Our study results indicate that preoperative HCT level is another independent risk factor associated with HBL. This finding is consistent with a study by Wang et al,32 who reported on risk factors for HBL in adolescent idiopathic scoliosis patients undergoing posterior spinal fusion surgery. Patients with higher preoperative HCT levels are often in a state of relative hemoconcentration. Increased blood viscosity leads to higher microcirculatory resistance, making red blood cells more likely to be retained and rupture at sites of vascular endothelial injury, such as bone burring surfaces. This process releases free Hb and heme, exacerbating oxidative stress and increasing vascular permeability, which may further contribute to HBL. Additionally, patients with higher HCT levels have a greater baseline red blood cell count. As a result, even with the same proportional blood loss, the decline in oxygen-carrying capacity is more pronounced, potentially leading to tissue hypoxia. This, in turn, may trigger microvascular dilation and leakage, further worsening HBL. The dilution effect of intraoperative intravenous fluid administration further lowers HCT levels, creating a cumulative effect on HBL and further elevating it. Based on these mechanisms, we hypothesized that higher preoperative HCT was closely associated with increased HBL. The underlying mechanisms likely involve intraoperative red blood cell loss, oxidative stress, changes in vascular permeability, and the dilution effect of fluid resuscitation.
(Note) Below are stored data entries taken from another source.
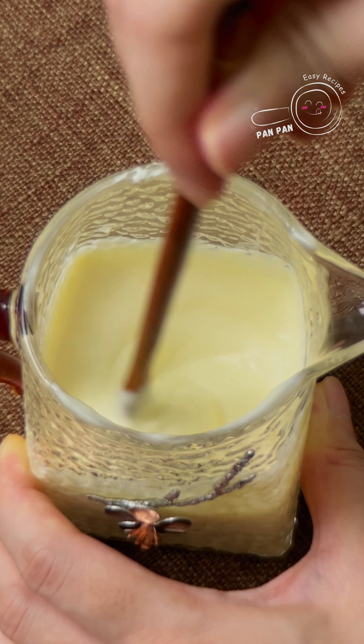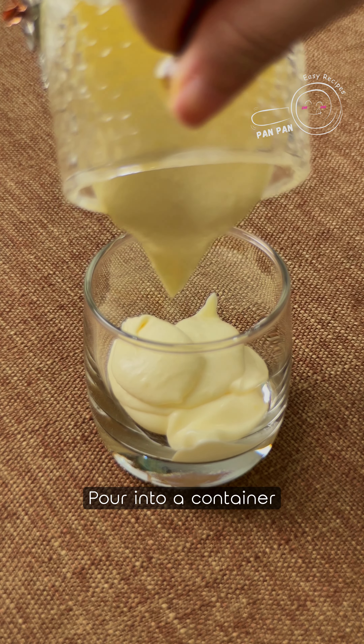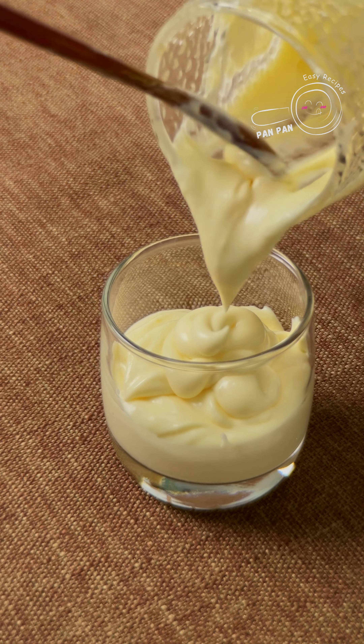I'm going to add a lot of water. It's so good. I'm going to add rice and a little bit of water.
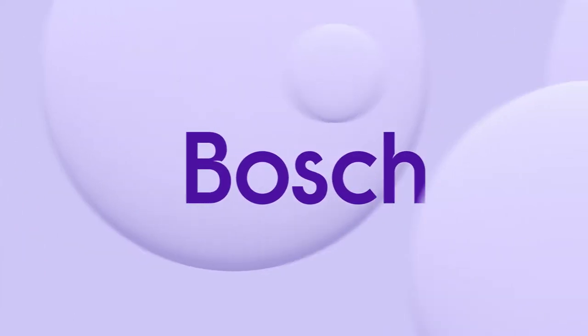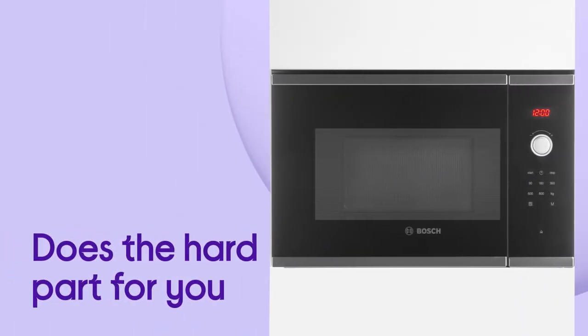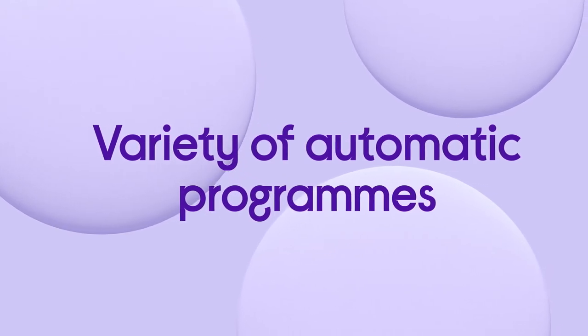There's no need for guesswork with this Bosch Solo Microwave, which knows how to get the best results from whatever you cook. You can relax and let it do the hard part for you, with dinner time made easier by the help of Autopilot 7. Offering a wide variety of automatic programs, it lets you choose from seven different options.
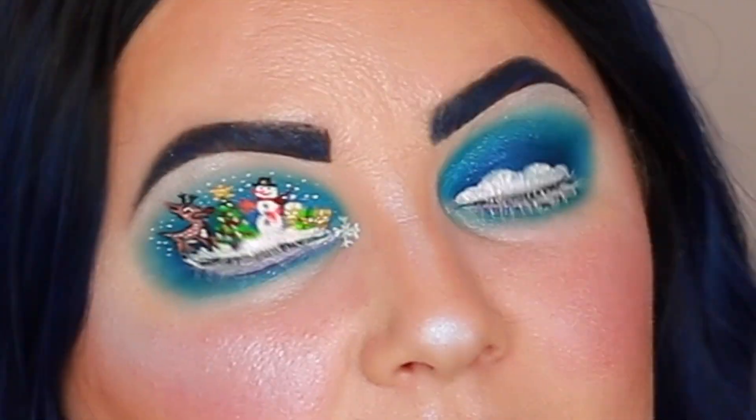Hi friends, welcome back to my channel! I am so excited for today's tutorial. My name is Angelique and today's tutorial is on this very Christmassy look that I am so proud of and so excited to share with you guys. I hope you guys love it as much as I do.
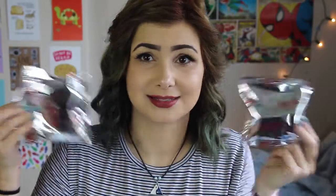Next up are these — they actually came in a box, but because we only had carry-on we weren't able to fit the box in so we separated them into bags and we just got three bags. They're just Chiculin Ossitos — I'm so sorry for how I pronounce stuff in this video, I know I'm bad at it.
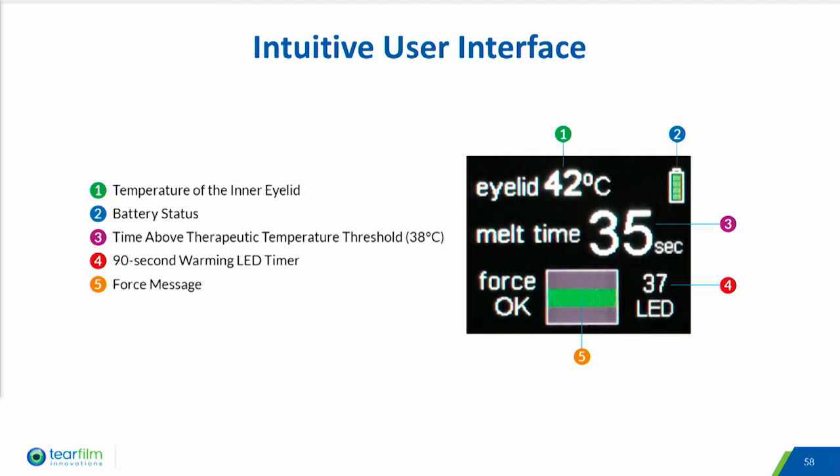Next is melt time, which is the time over 38 degrees C, and the last is compression force. The battery status and the amount of time the warming LEDs have been on are also shown on the user interface.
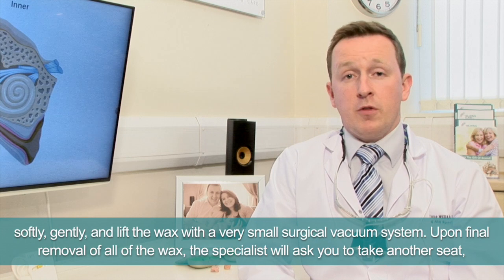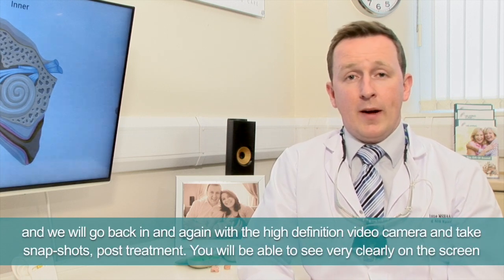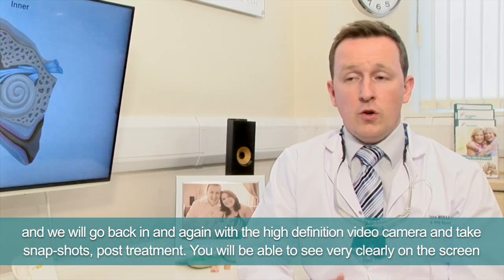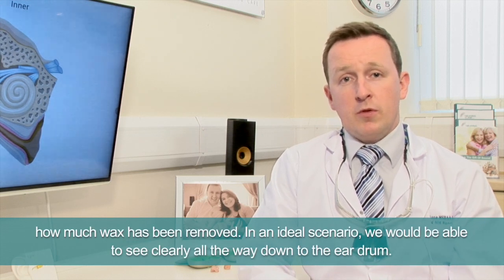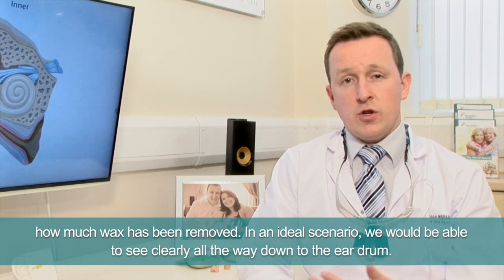Upon final removal of all of the wax, the specialist will ask you to take a seat and we'll go back in again with the high definition video camera to take snapshots post-treatment. You'll be able to see very clearly on the screen how much wax has been removed, and in an ideal scenario we'll be able to see clearly all the way down to the eardrum.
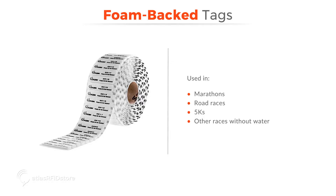Foam back tags are placed on bibs for marathons, road races, 5Ks, and any other racing event that will not be subjected to water. These tags cannot be printed in-house. However, vendors with specialized printers can print and encode these tags. Sometimes this added service is included in the tag cost, and sometimes there is an additional fee. Foam back tags are typically delivered pre-printed and encoded.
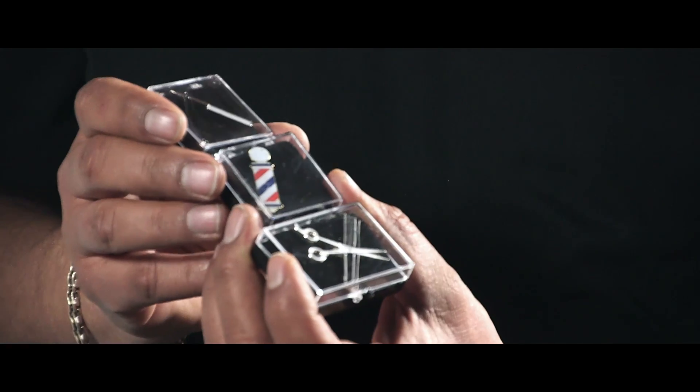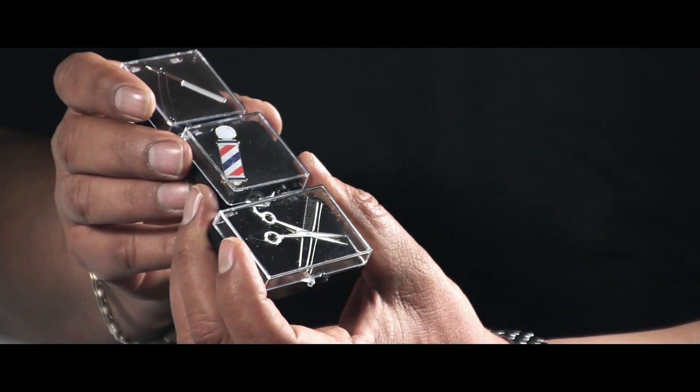You can wear it on anything because you can transfer it from a jacket, to a hat, to a backpack, to luggage, a purse — whatever you've got. It's a very great investment. Thank you guys.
This finding underscores the importance of considering HCT levels during preoperative assessments to better predict surgery-related HBL risks and implement targeted interventions for optimized perioperative management.
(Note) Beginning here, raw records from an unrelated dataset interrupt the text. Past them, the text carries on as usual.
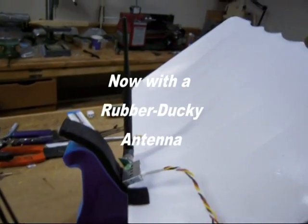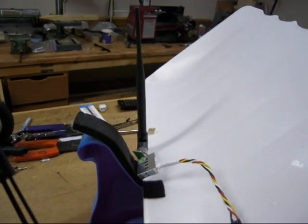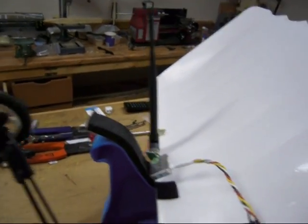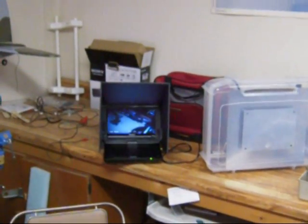Now we have the stock Hobby King antenna with the SMA connector on it. And again, we don't have any problem getting a picture.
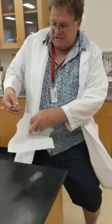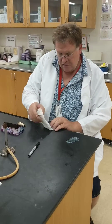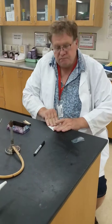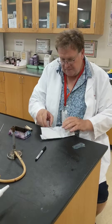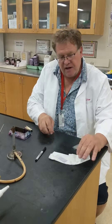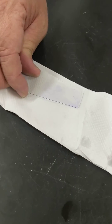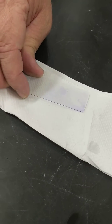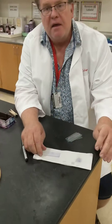Then take a paper towel just like this and blot your stain. If everything worked out correctly, you can see that the light smear we saw before is now stained. Next thing we need to do is look at it underneath the microscope. This is Nick Kapp and that was your Microbiology Lab Minute.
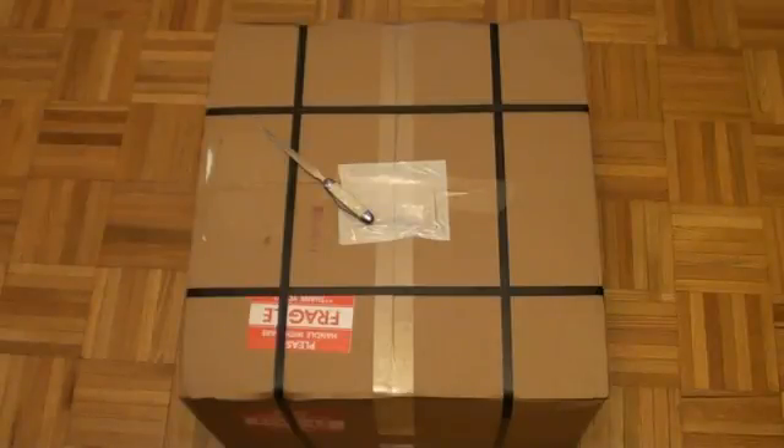We're in my kitchen, and that means only one thing — I have to unbox a large item. What you see in front of you here is a PC that I've picked up off of eBay, and this is going to kick off a series of videos where I'm going to show you how to build your own home theater PC.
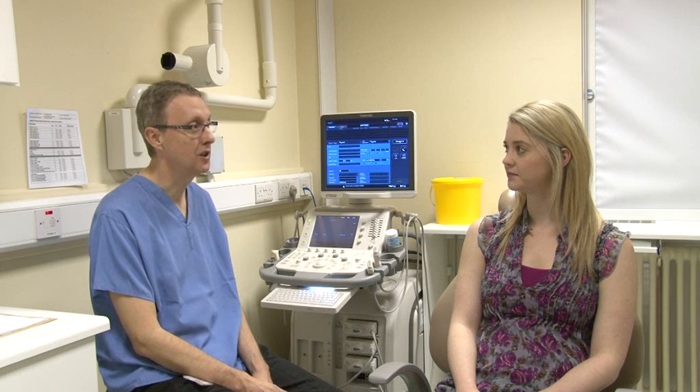Hello there, my name is Nick Drage. You've been referred by your consultant regarding a swelling in your neck. Once seated, the radiologist will explain the procedure to you.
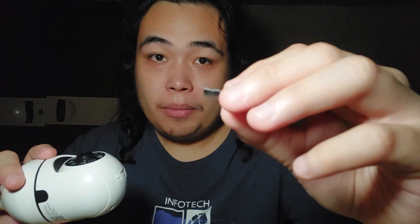When inserting the microSD into your CCTV, it should be upside down. Insert it carefully, push it in, and you will hear a click.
This meta-analysis has some potential limitations. First, most of the included studies were retrospective and observational, which may impose selection and recall bias, and affect the statistical efficacy of the results. Second, there was some heterogeneity in the pooled results, influenced by factors, such as patient variability, standard of institutional care, and differences in surgical techniques of individual surgeons. Third, some studies did not provide ORs or adjusted ORs, and the pooled analyses performed by calculating the results may have affected the robustness of the conclusions. Finally, while our analysis identified several significant risk factors associated with occult blood loss in UBE surgery, we were unable to calculate specific cutoff values due to inherent limitations of the meta-analytic methodology. The original studies included in our analysis did not consistently report sufficient granular data to permit such calculations. Future primary studies with standardized measurements are needed to establish clinically meaningful thresholds for these risk factors.

Conclusions

In summary, this meta-analysis indicates that a higher BMI, prolonged surgical time, preoperative hypertension, and elevated preoperative HCT levels are significant risk factors associated with increased HBL in UBE surgery. Through identifying these risk factors and implementing targeted interventions, such as optimizing preoperative weight management, controlling blood pressure, dynamically monitoring HCT levels, and refining surgical procedures, clinicians can more effectively reduce the risk of HBL and prevent adverse outcomes associated with excessive blood loss. Furthermore, these findings provide a theoretical foundation for developing public health strategies, contributing to a more comprehensive perioperative management system that enhances the safety and efficacy of UBE surgery, and ultimately improves patient clinical outcomes.